Federal overtime rule: bonuses may account for 10% of salary Email
Tuesday, October 11, 2016 07:00 AM

Payroll processingWhen the new federal overtime rules regarding white collar workers go into effect December 1, employers may have a lot of changes to make in their payroll. For the first time, employers may use bonus pay in calculating the salary of white collar workers. This new provision can help those who come close to meeting the minimum, but there are restrictions on how much and what kind of bonus pay can be counted.

The new salary minimum required for an employee to be exempt from overtime is an increase of more than 50% over the previous salary threshold. Employers are no doubt looking for ways to meet this new minimum without doubling their payroll costs. 

Some employers may look to bonuses as a new way of helping to reach that requirement. According to the provisions in the federal overtime rule changes, bonus pay can now satisfy up to 10% of the minimum salary level.
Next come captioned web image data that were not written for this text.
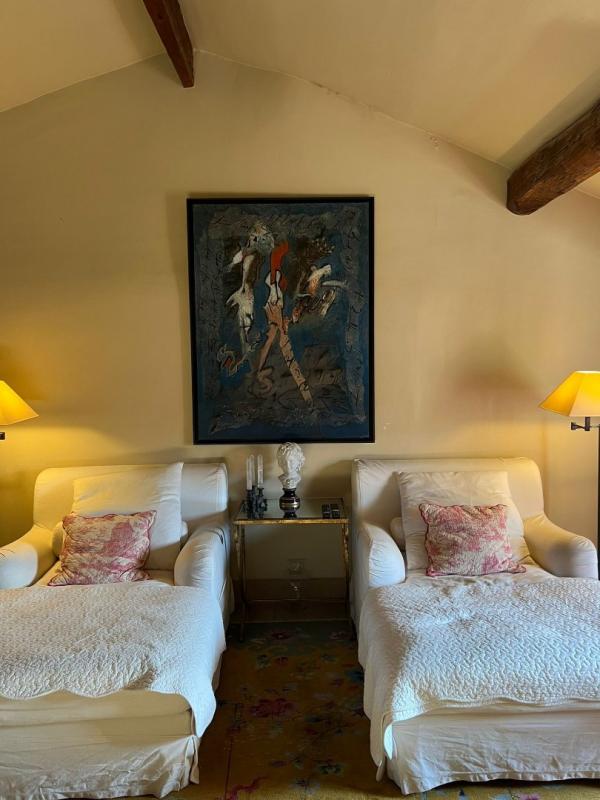 6 bedroom maison de village in Saint Didier, Vaucluse, France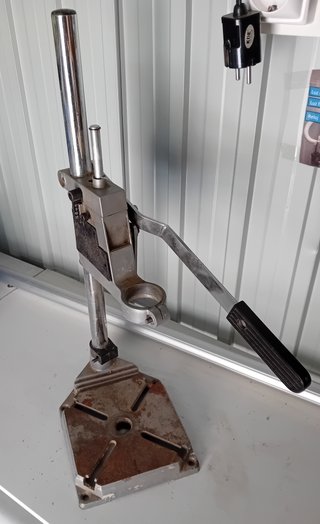 Soporte para taladro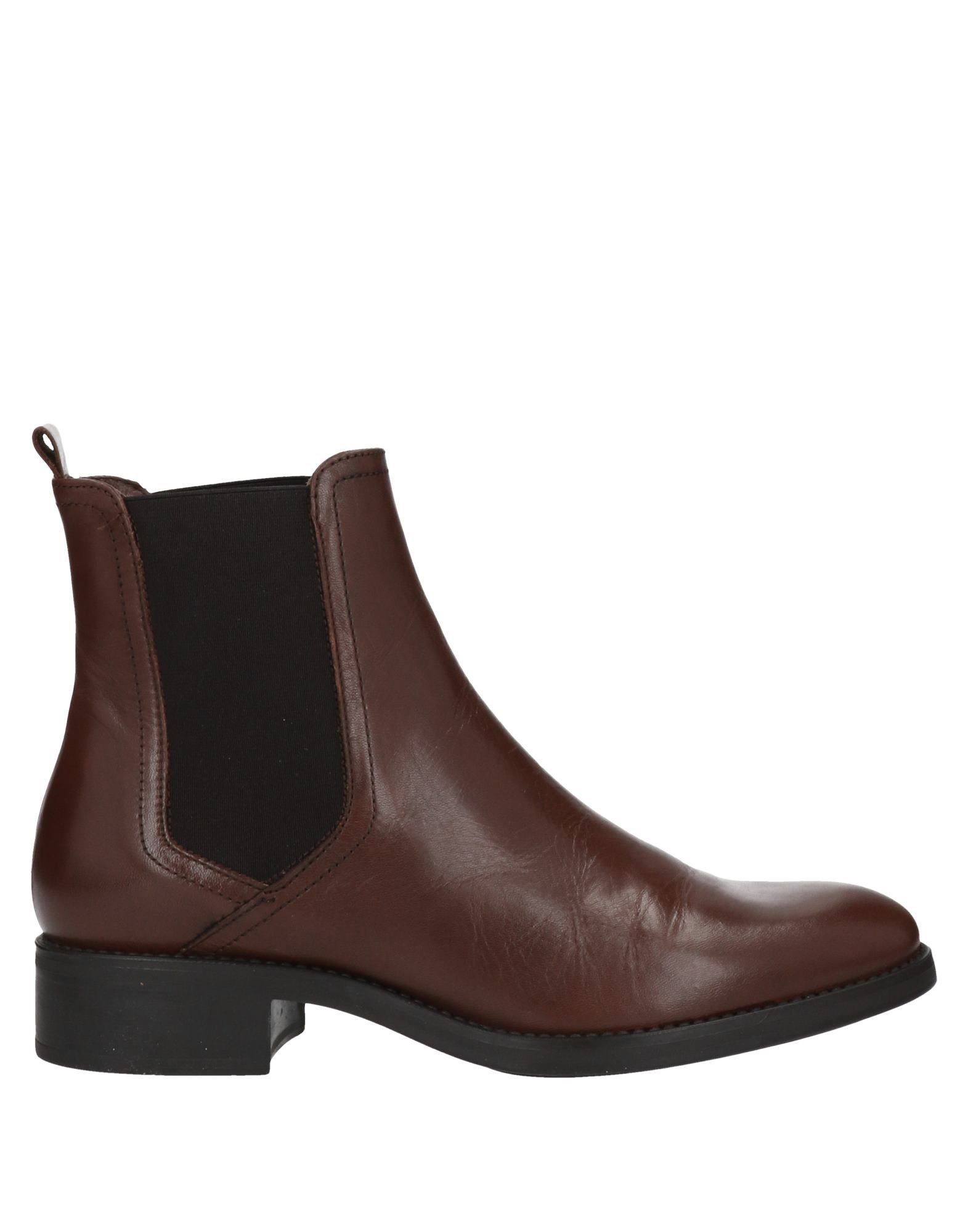 Lamica Ankle Boots In Brown | ModeSens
Previously bonuses could not be counted toward salary at all.

The bonus pay “must be nondiscretionary bonuses and incentive payments (including commissions),” according to the Department of Labor. In other words, standards must be established in advance for an employee to earn the bonus—reaching a sales goal, remaining with the company for a certain amount of time, etc.

A bonus awarded at the employer’s discretion, such as a holiday bonus or an unannounced reward for achievements, may not be applied toward the standard salary level.